Narrative Lectionary Key Verse for Today

Whoever listens to you listens to me, and whoever rejects you rejects me, and whoever rejects me rejects the one who sent me.
— Luke 10:16

NL Daily Devotion for Friday, March 7, 2025

by R. M. Fergus, Clergy Stuff


This feels like a reversal of Tuesday’s text. Then, whoever wasn’t against Jesus was for him. Now, whoever is against one of Jesus’ followers is against Jesus, and therefore against God. Which, you know, is okay if the follower is actually carrying Jesus’ message of love and service. But it gets tricky when different people try to find a definition of what it means to “reject Jesus.” Does that simply mean not believing that Jesus is divine? That Jesus’ is the only way to eternal life? I don’t hold with that theology, if even if that’s what the text seems to be saying. I’m pretty sure that Jesus’ death and resurrection resulted in the redemption of and salvation for all of creation, full stop. So, you know, you don’t have to actually even believe God exists to be saved.

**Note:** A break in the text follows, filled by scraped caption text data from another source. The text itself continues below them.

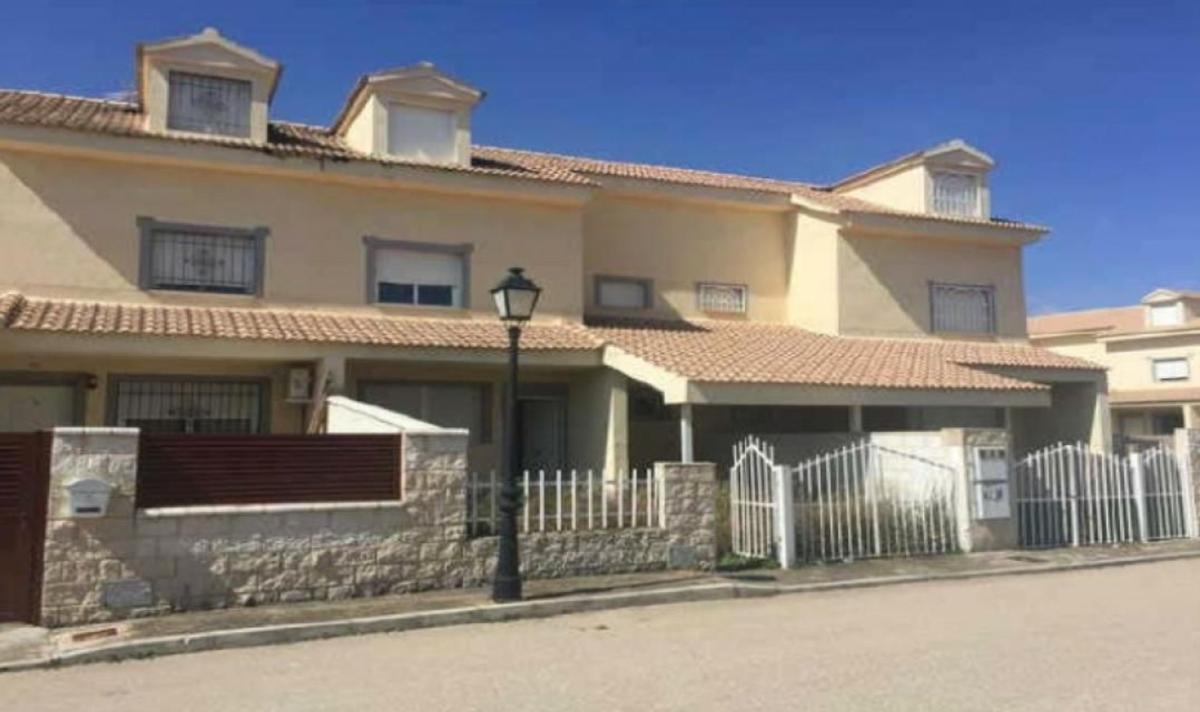 Properties for sale and rent in Spain photo 2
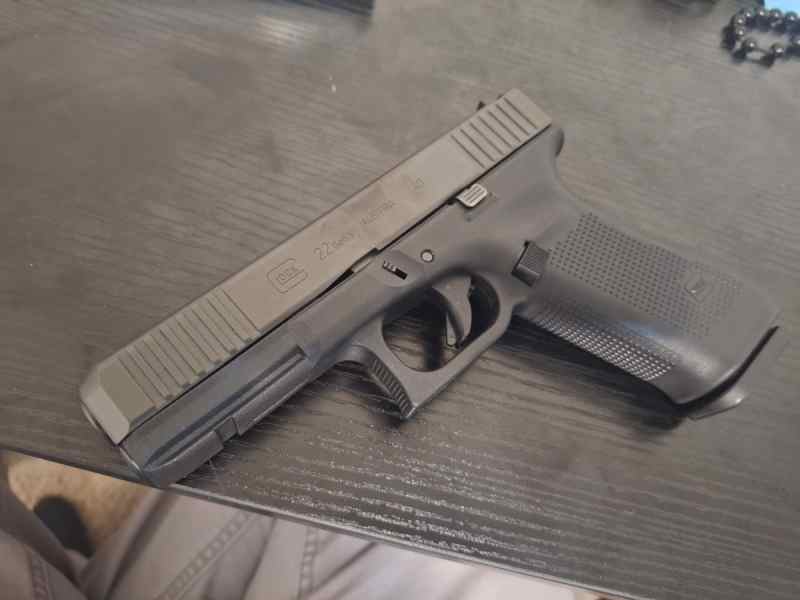 Glock 22 Gen 5 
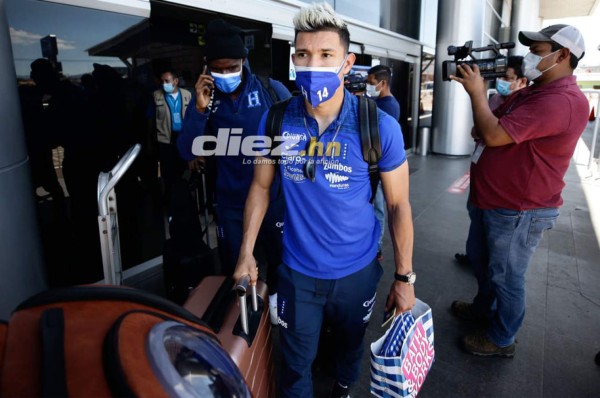 La Selección de Honduras arribó al país tras su gira por Europa donde enfrentó a Bielorrusia y Grecia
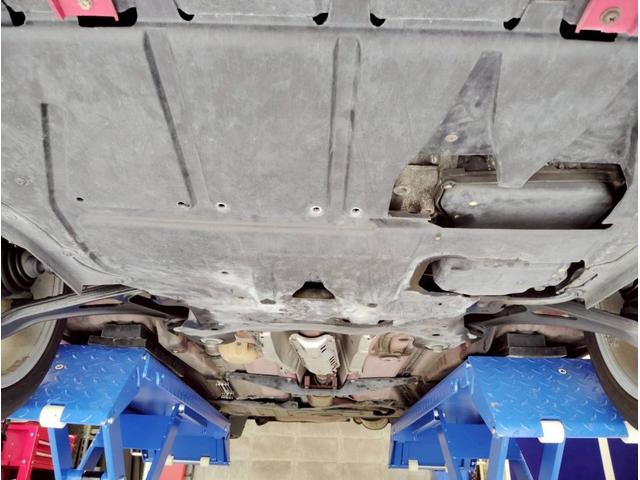 TTクーペ 1.8T 車検整備付/修復歴無/禁煙/ハーフレザー/ETC/17AW/キーレス/オートエアコン/HID/MTモード付AT/シートヒーター(15枚目)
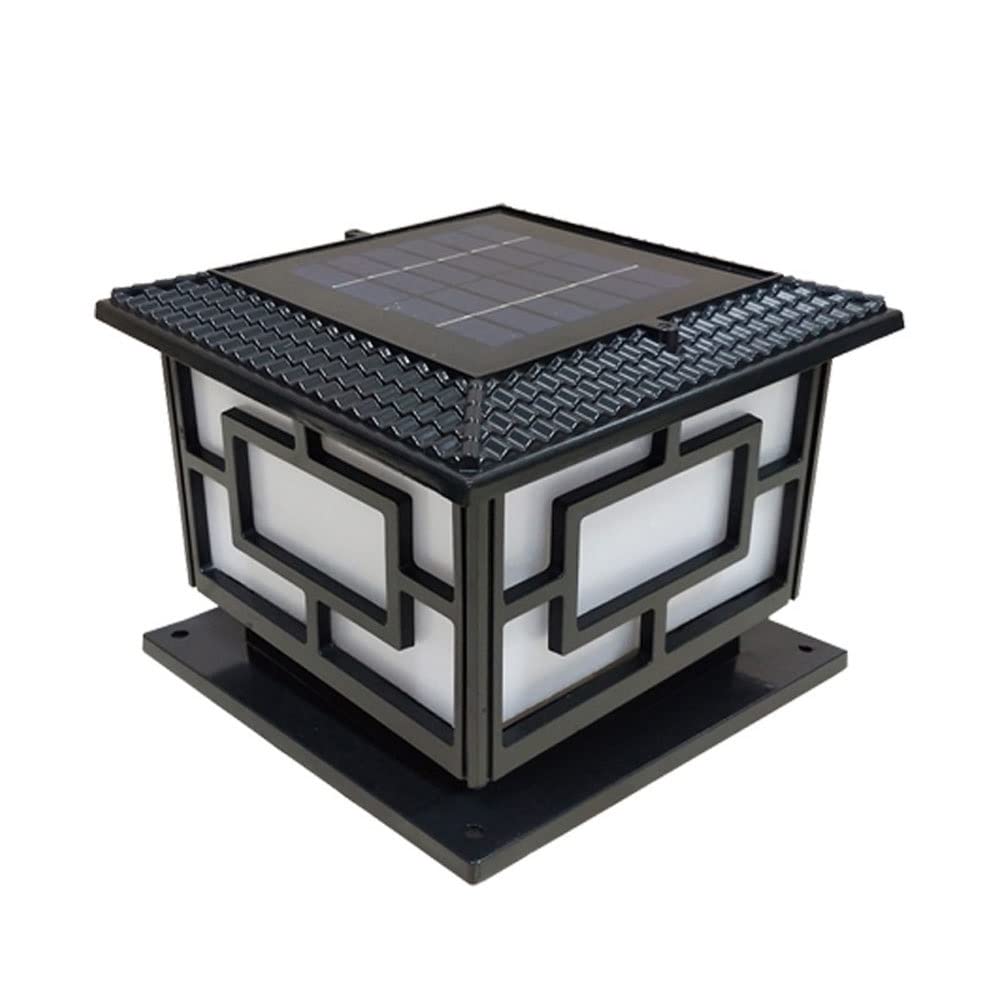 Lanterne solaire d'extérieur pour illuminer vos soirées de villa sur un pilier de cour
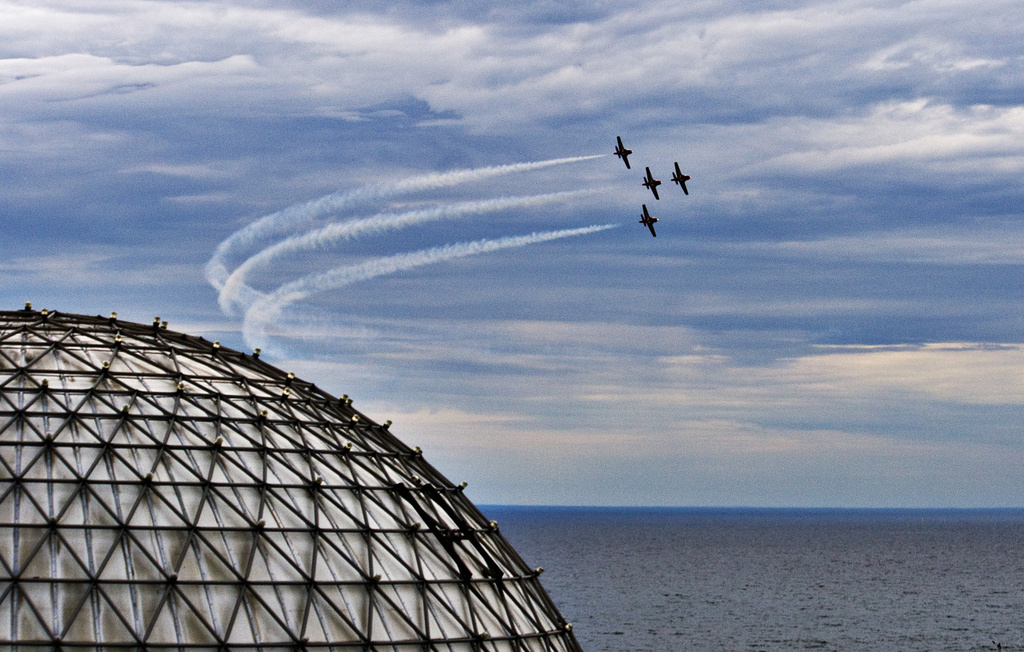 Snowbirds Over Ontario Place by pdulis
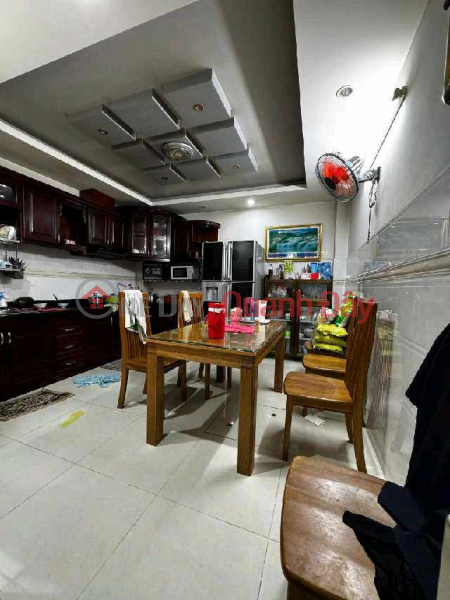 Nhà 4 Tầng - Hẻm 6m Thông - DT: 4x15= 60m² , Bình Tân Giáp Tân Phú. Việt Nam | Bán đ 6,85 tỷ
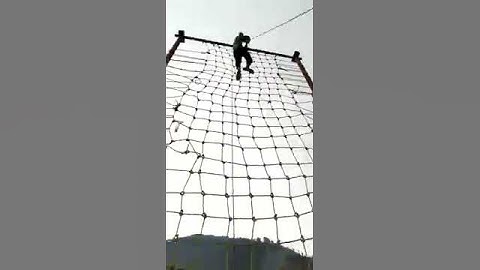 Commando net climb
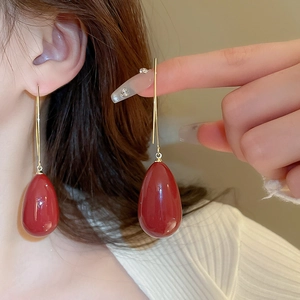 Boucles d'oreilles vintage avec perles en forme de goutte rouge et crochets dorés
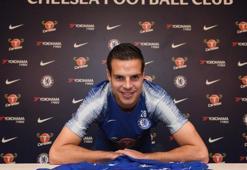Barcelona Cesar Azpilicueta'ya iki yıllık sözleşme teklif etti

How, then, to interpret this text for us today, in the here and now? I’m convinced that Jesus’ simple message of unconditional love and humble service is universally applicable, no matter what your particular spiritual beliefs. And I’m pretty sure (from experience, actually) that when you reject this basic premise and try to live your life from a position of self-absorbed wish-fulfillment (yep, experienced that, too) then yeah, you reject God, who is out there banging on the door, trying to get in and lavish unbelievable love and grace and flourishing and wholeness and all kinds of good things on you, and, um, you’re not opening the door because you’re mad you couldn’t make the other people in your life follow your script for how they should be in order to make you happy. (Yikes).

At some point, we (okay, I) need to open myself up to the people around me who might have some insight into who Jesus is and what he wants from and for me. And when I do this, and stop rejecting what is so obviously beautiful and for my own good, lo and behold, I get all kinds of goodies, not least of which is freedom from my own petty selfishness. I’m grateful this happened for me in recovery, and continues to happen for me as I practice the principles of said recovery. I listen to the people around me whose experience I trust, and I hear in their words the voice of God. What a gift.

Where in my life am I rejecting God? How do I open myself to receiving God’s communication?